- EXERCISE AIM
A faithful copy is required of the lines from the top of the entries through the line that contains "Téléchargez les photos", both included, with no pictures.

- ENTRIES SUPPLIED
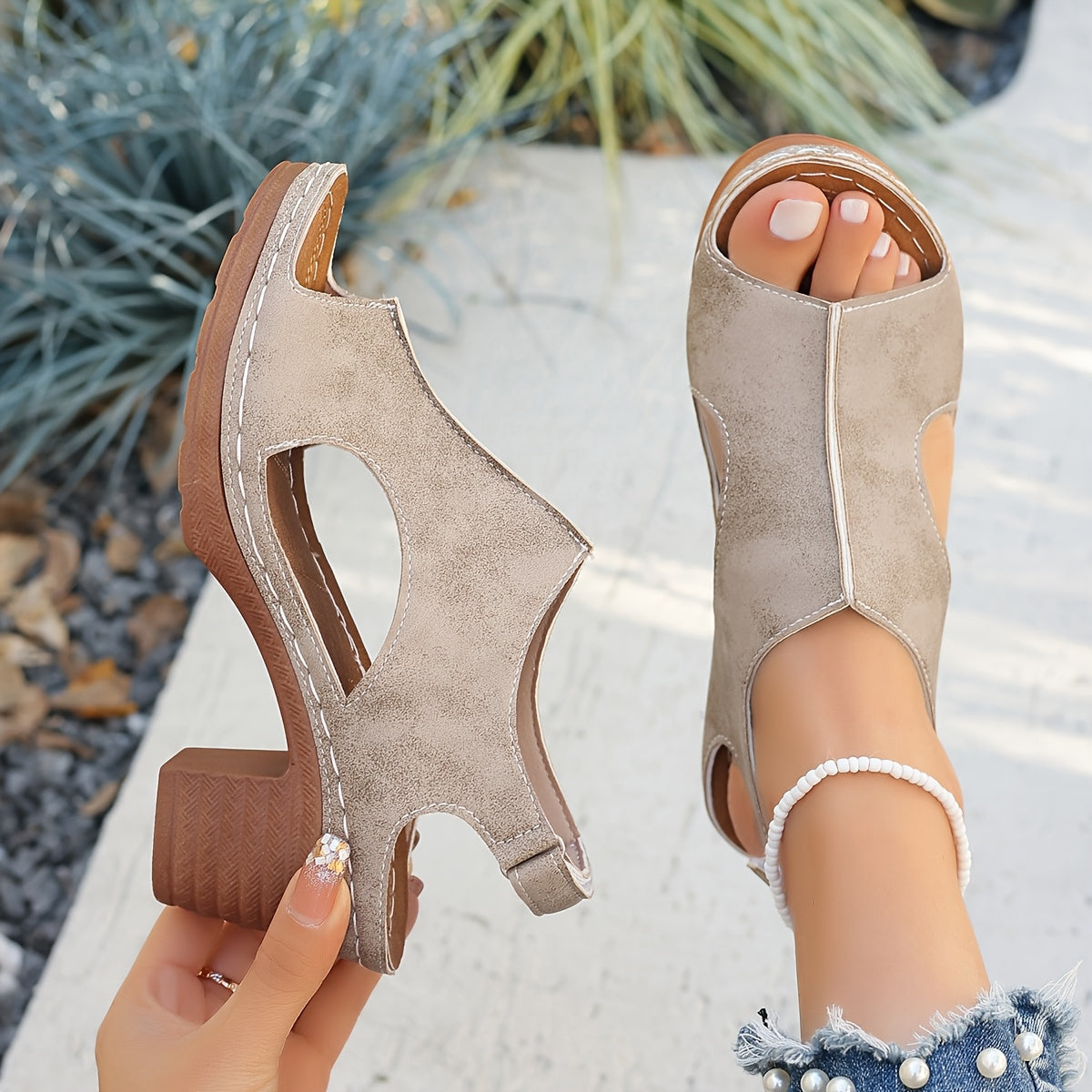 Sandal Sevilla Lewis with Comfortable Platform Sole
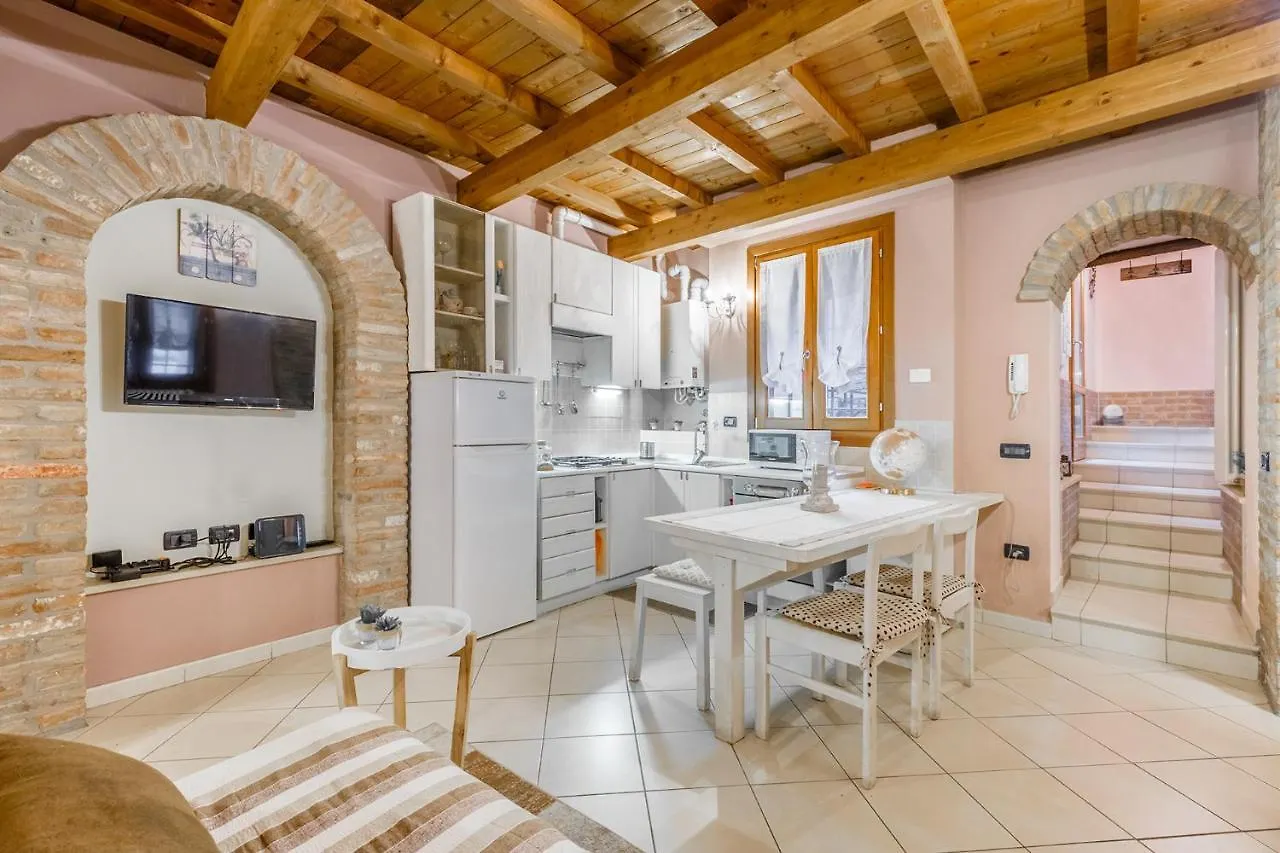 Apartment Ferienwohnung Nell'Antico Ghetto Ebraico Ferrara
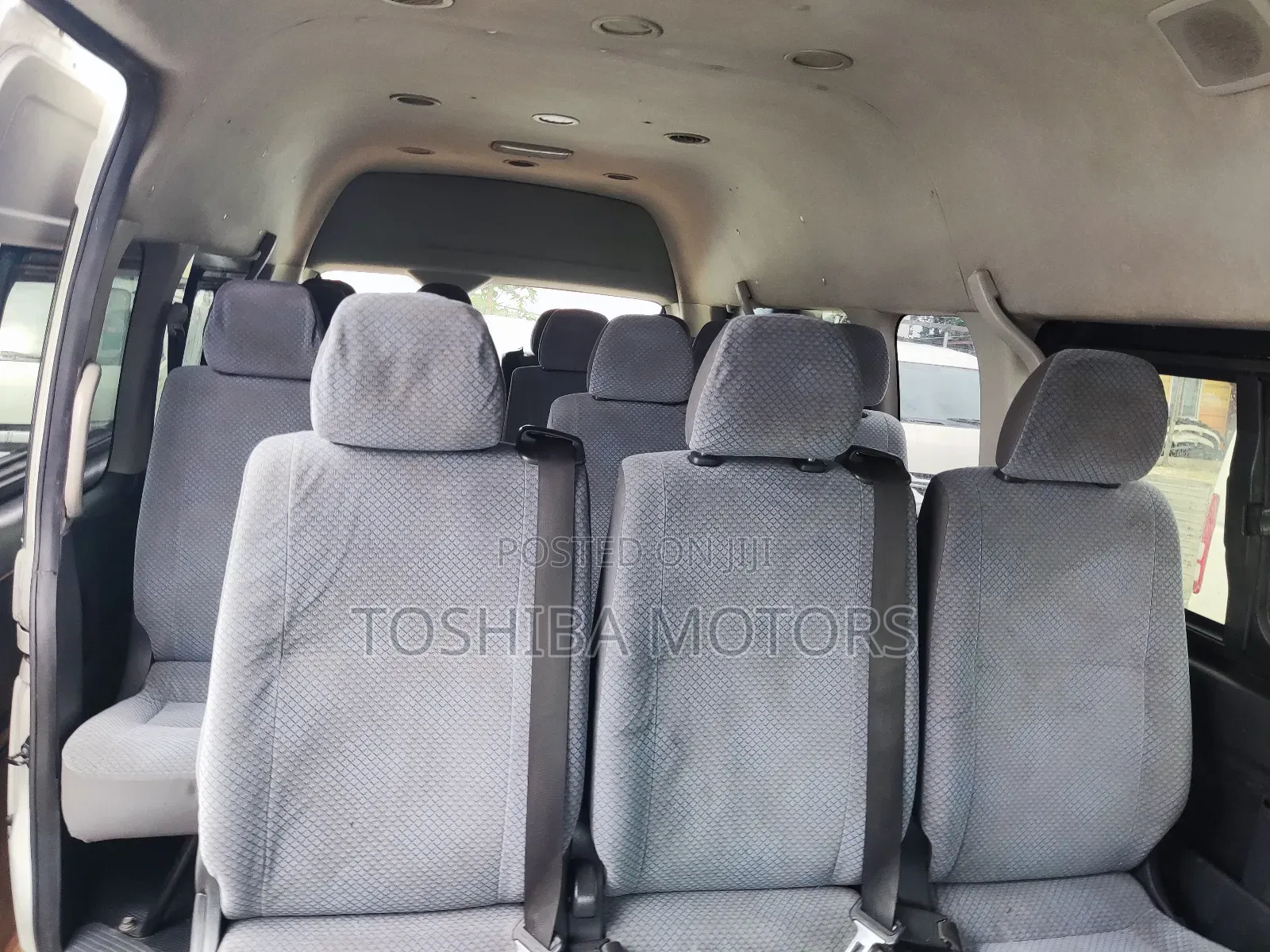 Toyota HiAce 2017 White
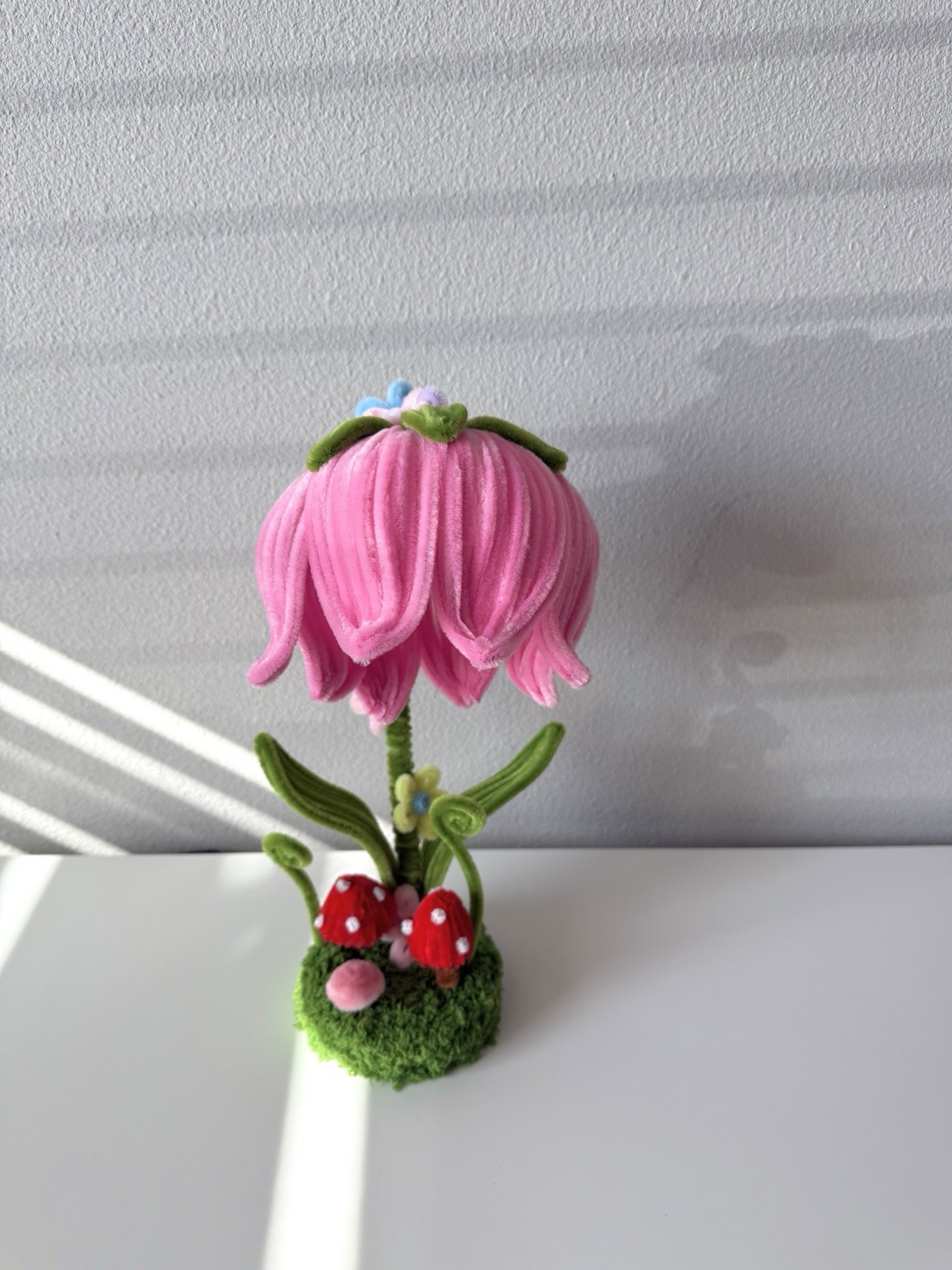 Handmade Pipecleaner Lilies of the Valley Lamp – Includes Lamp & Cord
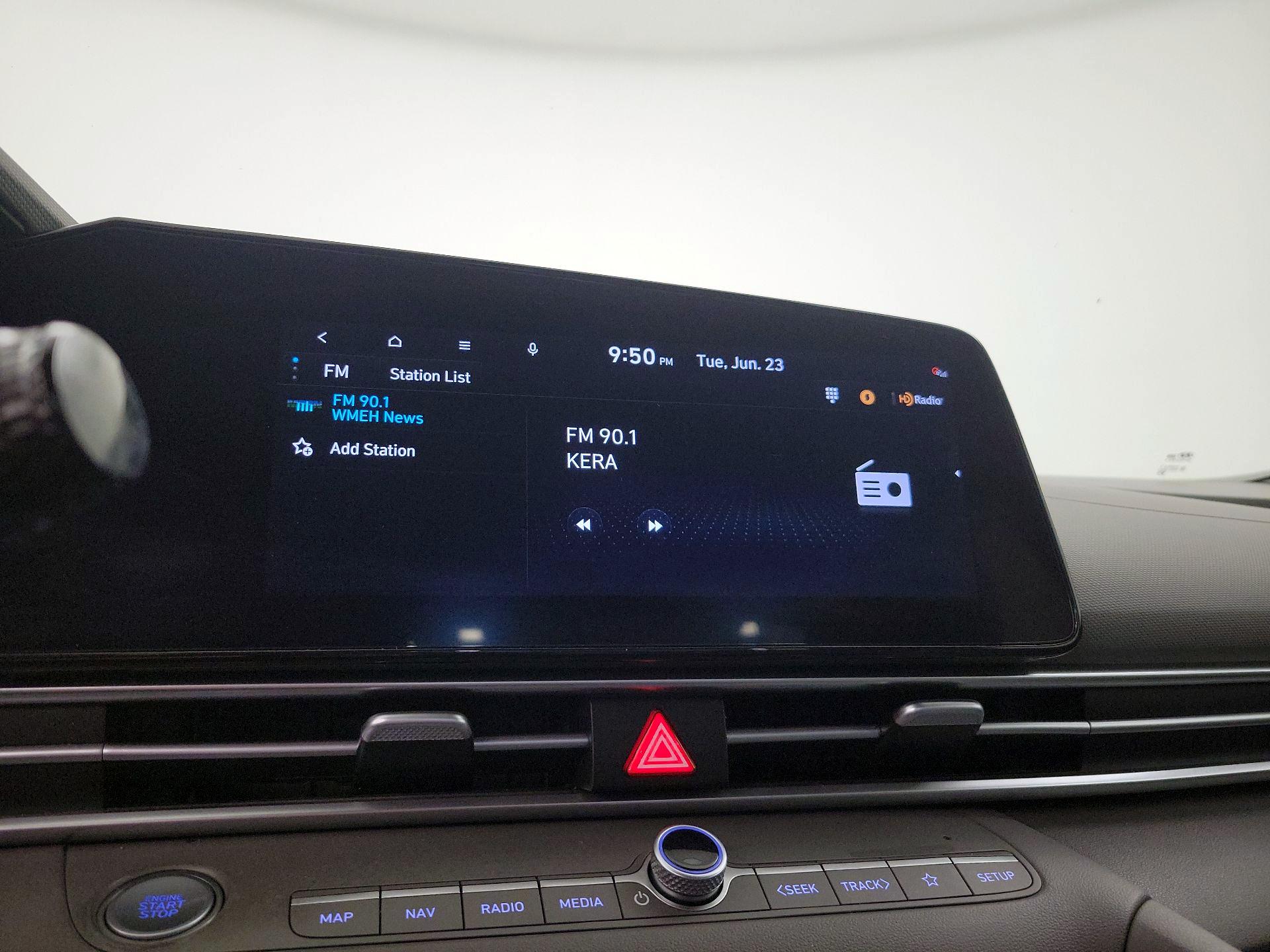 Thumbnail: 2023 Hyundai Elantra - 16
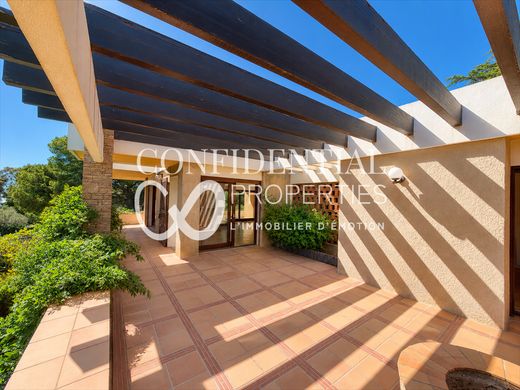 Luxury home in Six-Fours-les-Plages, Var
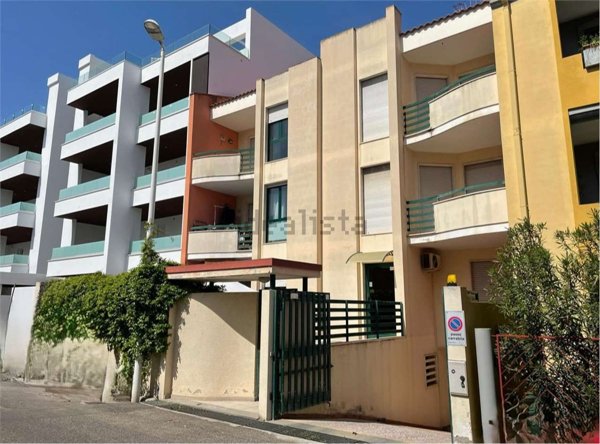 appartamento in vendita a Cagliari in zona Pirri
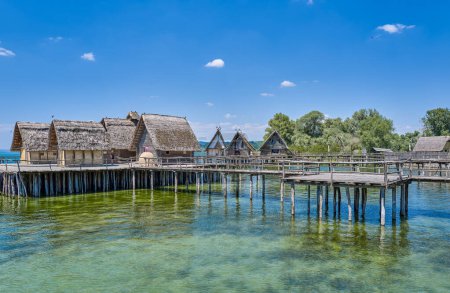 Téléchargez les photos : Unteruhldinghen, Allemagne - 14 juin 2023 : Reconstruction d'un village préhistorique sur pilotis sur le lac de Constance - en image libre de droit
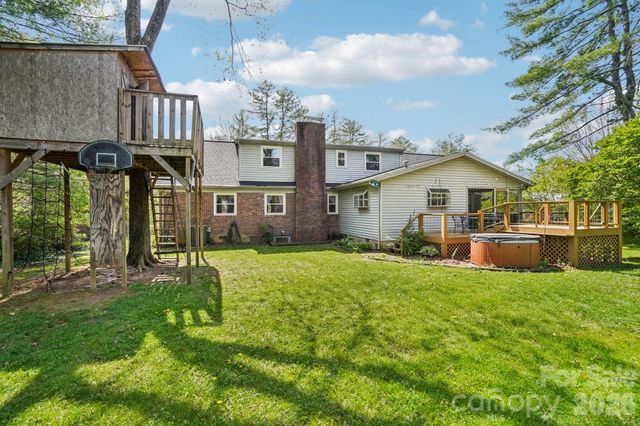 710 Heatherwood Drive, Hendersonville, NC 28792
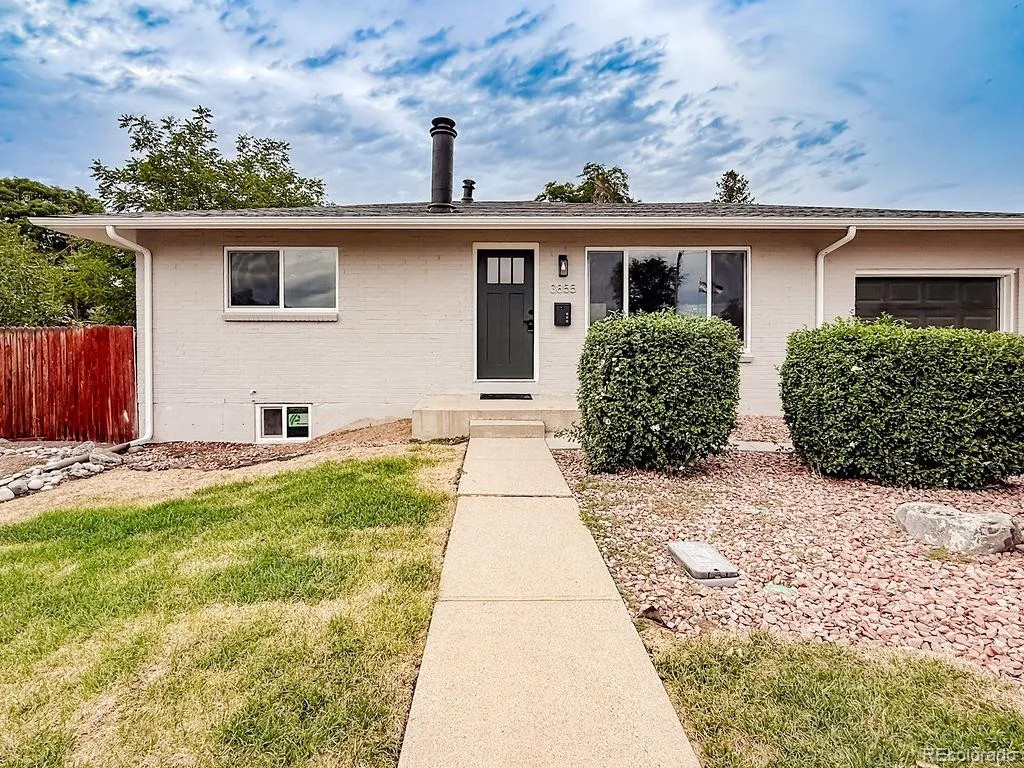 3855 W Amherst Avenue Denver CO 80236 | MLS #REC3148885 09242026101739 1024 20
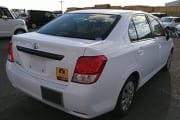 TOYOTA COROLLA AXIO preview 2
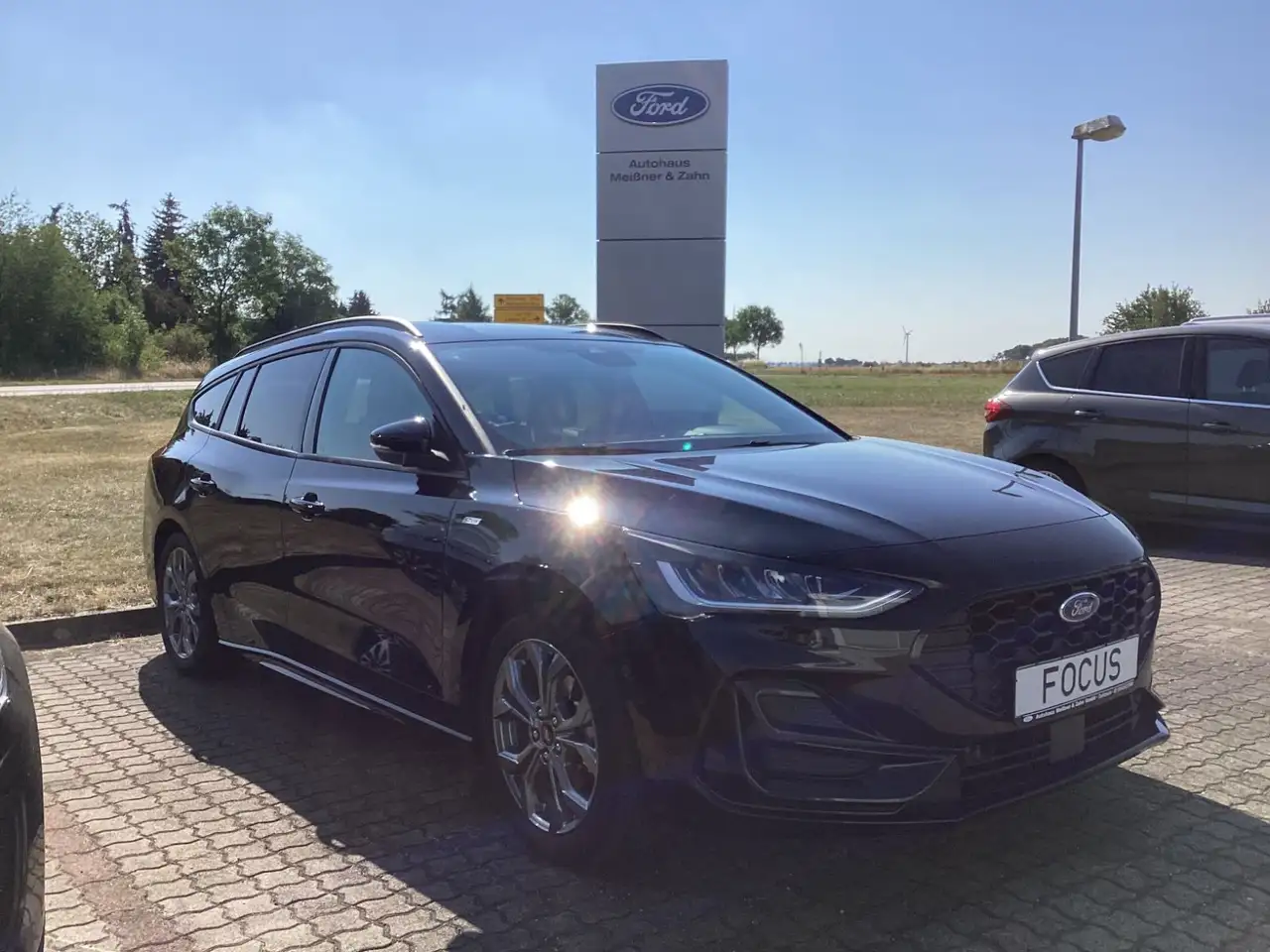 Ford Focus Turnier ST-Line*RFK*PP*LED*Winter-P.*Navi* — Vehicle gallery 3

- RESPONSE TO THIS TASK
 Sandal Sevilla Lewis with Comfortable Platform Sole
 Apartment Ferienwohnung Nell'Antico Ghetto Ebraico Ferrara
 Toyota HiAce 2017 White
 Handmade Pipecleaner Lilies of the Valley Lamp – Includes Lamp & Cord
 Thumbnail: 2023 Hyundai Elantra - 16
 Luxury home in Six-Fours-les-Plages, Var
 appartamento in vendita a Cagliari in zona Pirri
 Téléchargez les photos : Unteruhldinghen, Allemagne - 14 juin 2023 : Reconstruction d'un village préhistorique sur pilotis sur le lac de Constance - en image libre de droit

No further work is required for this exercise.